I thought that was pretty cool. The people I asked responded luke-warm. My friend didn’t like it that much. He thought it sounded like Prokura, which in German means something like having signatory power in a company. Not quite the what I wanted to convey.
So I decided to read a book on the subject. I decided to read “Hello my name is awesome” by Alexandra Watkins.
I read a book on coming up with a brand name and here’s what it taught me
The book was illuminating. First of all, it made me realize I hadn’t put too much thought into what a really good name sounds or looks like. Luckily the author had several of her own that she had come up with. One of my all time favorites?
Gringo Lingo — as a name for a language school in Latin America.
What an amazing name.
In her book Alexandra Watkins tells us to stay away from Latin names, as well as trying to sound cool by sticking stuff to the end of names e.g. -ly and -r.
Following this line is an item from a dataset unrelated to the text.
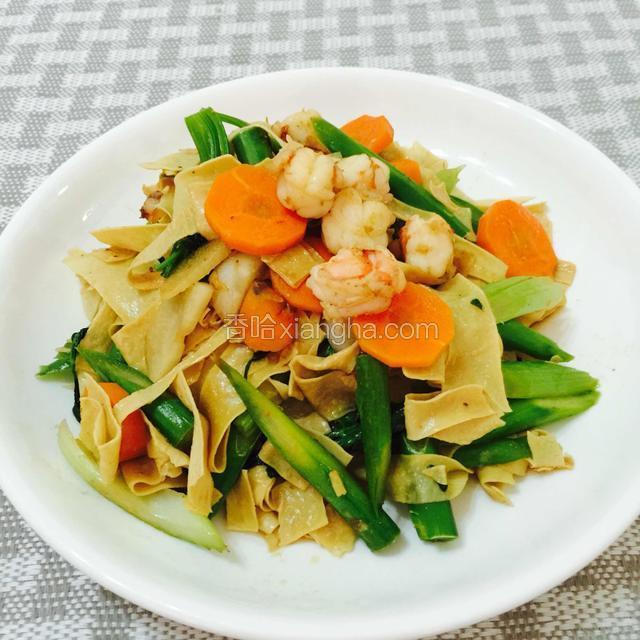 蒜香虾仁芦笋豆腐皮
色香味俱全，美味又营养。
Interestingly Alexandra emphasizes that getting the .com domain name is actually not THAT important. Getting the right name is key, and you can come up with a clever domain name after that if the .com isn’t available.
I was doing the opposite, for every name checking if the .com was available.
Once I dropped that requirement, new options started opening up.
In her book Alexandra presents a framework and a process for coming up with a name. Her framework is as follows.
A name should be:
Suggestive – It needs to evoke something about your brand
Meaningful – It needs to resonate with your audience
Imagery – Visually evocative to aid in memory
Legs – Lends itself to a theme for extended mileage
Emotional – It moves people
Alexandra also provides some rules to avoid bad names:
Spelling challenged – Stay away from names that aren’t spelled the way they sound
Copycat – Don’t choose a similar name to a competitor
Restrictive – Don’t get locked into a name that you may outgrow down the road e.g. diapers.com
Annoying – Don’t choose a name that annoys customers
Tame – Uninspired names e.g. Cloud Net
Curse of knowledge – A name that only insiders get e.g. Eukanuba (pet food)
Hard to pronounce – e.g. Sur La Table
In additional to these rules, Alexandra has a whole process you can go through which she lays out in the book, which she calls your brand roadmap. I went through this process and you can view my brand roadmap in the presentation here.
Going through Alexandra’s process surfaced some good candidate names. Here are some of the names we arrived at that are worth mentioning.
Hello World Studios
“Hello World” is a reference to the output statement you usually learn first when learning a new programming language. It’s also an upbeat name, easy to pronounce. Unfortunately the .com was taken by a small German web development agency who didn’t reply to my emails.
Happy Path Studios
In UX jargon the Happy Path is a sequence of envisioned steps a user can take as they move their way through your product which leads to the desired outcome. This name checked many of our boxes but the “th” sound in English isn’t easy for German speakers to pronounce (one of our requirements) and it requires insider knowledge.
A reference to the psychological state of “flow” in which someone feels in-the-zone and loses track of time. This may be what you want to design your product to accomplish. Also a loose reference to ”user flow”, a UX term for the conceptual path a user may take to navigate through your product. And lastly, also a loose reference to usability, another UX term which aims to capture how easy it is to use a certain product.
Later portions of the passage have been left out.